The Oxford English Dictionary's earliest citation for the noun logic is from 1362 (with the spelling "logyk").
It gives the etymology as follows:
Etymology: < French logique (13th cent.), < medieval Latin logica, < Greek λογική (first found in Cicero; elliptical for ἡ λογικὴ τέχνη, rendered in medieval Latin by ars logica) [...]
The consonant sound used for the letter "g"
As you mention, the pronunciation of the letter "g" in Classical Latin before "i" is reconstructed as a velar plosive [g], so we would expect logica to be pronounced in Classical Latin as something like [ˈlogika] (or possibly, with a more narrow transcription of the vowels, [ˈlɔgɪka]).
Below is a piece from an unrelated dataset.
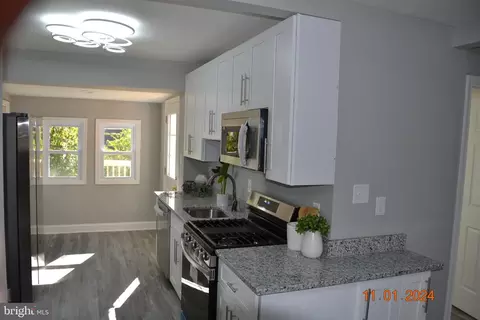 Entry Way - 4701 Renwick Ave, Baltimore, MD 21206 photo 6 of 10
But the pronunciation of Latin changed over time: note that the OED entry talks about "medieval Latin" and not Classical Latin. The "palatalization" of velar consonants is a common feature of many traditions for pronouncing Latin.
French "logique" appears to be a learned adaptation of Latin logica (in inherited French vocabulary, Latin intervocalic singleton plosives were lenited).
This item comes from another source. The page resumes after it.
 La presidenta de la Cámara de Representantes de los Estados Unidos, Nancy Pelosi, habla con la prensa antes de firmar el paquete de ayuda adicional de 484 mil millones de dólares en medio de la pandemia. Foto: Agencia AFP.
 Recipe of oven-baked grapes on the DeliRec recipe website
Wikipedia indicates that the de-affrication of [dʒ] in French is thought to have occurred sometime in the second half of the 13th century, so the loan into English may have occurred before this French sound change, or so soon after it that English speakers still were familiar with the use of the sound [dʒ] as a feature of French pronunciation.
Furthermore, the word has been in English for many centuries, and established English words tend to develop more assimilated pronunciations. It seems possible to me that the word might once have been pronounced with [ʒ] by some speakers under the influence of the de-affricated pronunciation that came to be used in French, but if so, that pronunciation must have been lost over time.
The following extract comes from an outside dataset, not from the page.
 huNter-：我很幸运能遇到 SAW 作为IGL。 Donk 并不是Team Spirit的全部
The vowel sound used for the letter "o"
It seems fairly clear that the use of an unrounded low vowel [ɑ] for the "short o" sound in (most accents of) American English is a fairly recent development: the "short o" vowel was originally rounded, as it still is for many British English speakers (which is the reason that British English transcriptions typically use the symbol ɒ, although some phoneticians such as Geoff Lindsey have argued that for certain British accents, the symbol ɔ would be more phonetically accurate, and more in line with cross-language usage of IPA symbols).
The Middle English pronunciation of the "short o" vowel is reconstructed as a rounded back vowel closer than [a]. (As far as I know, there isn't total certainty about whether it was closer to IPA cardinal [o] or IPA cardinal [ɔ]: Middle English did not have multiple "short o" sounds of varying heights, although there was a height contrast for "long o" in Middle English. That said, the standard transcription seems to be o, and since this would also suffice as a broad transcription for [ɔ], I will use [o] in the next paragraph to represent the Middle English "short o" sound.)
French and Latin "o" sounds usually correspond to Middle English "short o" (ME [o], Modern AmEng [ɑ]) or "open long o" [ME [ɔː], Modern AmEng [oʊ]).
The use of the "short" value rather than the "long" value in this word is a bit tricky to explain, and I don't know enough to give a confident summary of its history. From a synchronic perspective, the use of a "short" vowel here is regular because this is an "-ic" word, and these words show a strong tendency to have penultimate stress and a weaker tendency (apparent in words like manic, lyric and static—contrast mania, lyre and stasis—but violated in many words like basic and psychic) for a single vowel letter in the stressed syllable to be "short" (unless it is "u", in which case the rule that "u" is always "long" in orthographically open syllables takes precedence). The historical origin of this rule about the modern English pronunciation of -ic words may be influence from the so-called "traditional English pronunciation" of Latin forms like logicus and logica: according to this system, the vowel in the first, stressed syllable of these words is pronounced "short" because it is followed by two other syllables.